Os ambientalistas lembram que os últimos seis anos foram “os mais quentes” desde que há registros históricos, aproximadamente em 1850.

“Em 2020 os oceanos atingiram a sua temperatura mais elevada. Os incêndios, as inundações e as condições meteorológicas extremas dos últimos meses são apenas sinais do que se pode esperar”, advertem.

Afirmando que os governos não podem ignorar os avisos feitos pelo IPCC, a Zero lamenta que, “apesar de um esforço de muitos países ou grupos de países como a União Europeia, ainda não existem planos de ação que mantenham o aquecimento global abaixo dos limites supostamente seguros”.

“Continuamos a adiar uma ação climática urgente que já era necessária desde há décadas e agora estamos quase sem tempo”, realça.

Para a Zero, este relatório do IPCC, composto por centenas dos “maiores cientistas do clima do mundo”, é o “mais decisivo” porque reforça a conclusão de que “os anos 20 deste século serão uma década crucial em que as emissões de gases de efeito estufa devem ser reduzidas a metade para limitar o aquecimento a 1,5 °C acima dos níveis pré-industriais, estabelecidos por relatórios anteriores do IPCC como o limite de segurança”.

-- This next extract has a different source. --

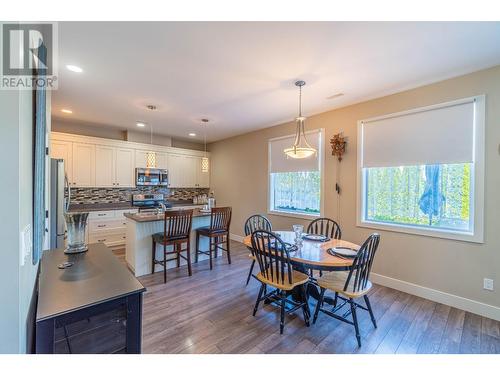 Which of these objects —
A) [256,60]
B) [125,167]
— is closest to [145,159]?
[125,167]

“As alterações climáticas estão a causar “extremos climáticos amplificados, desde secas, ondas de calor, incêndios florestais, inundações a supertempestades, impactes que são cada vez mais intensos, frequentes e sem precedentes” e que serão cada vez “mais severos” se as emissões continuarem a aumentar.

“Quanto mais dióxido de carbono e outros gases de efeito de estufa acumularmos na atmosfera, mais tempo demorará a retornarmos a uma situação com menores impactes”, sustentou.

Para a associação, o documento “é um severo alerta” que não pode ser ignorado e “é verdadeiramente histórico” por ser a avaliação mais abrangente até agora efetuada, oito anos após o relatório de 2021/2014, e a menos de três meses antes das negociações das Nações Unidas em Glasgow, de 1 a 12 de novembro, que determinarão a forma como se irá viver “num futuro próximo”.

“A sociedade humana que conhecemos foi construída num clima que não existe mais, pelo que é crucial trabalharmos na mitigação climática (redução de emissões), mas também na adaptação climática”, defende.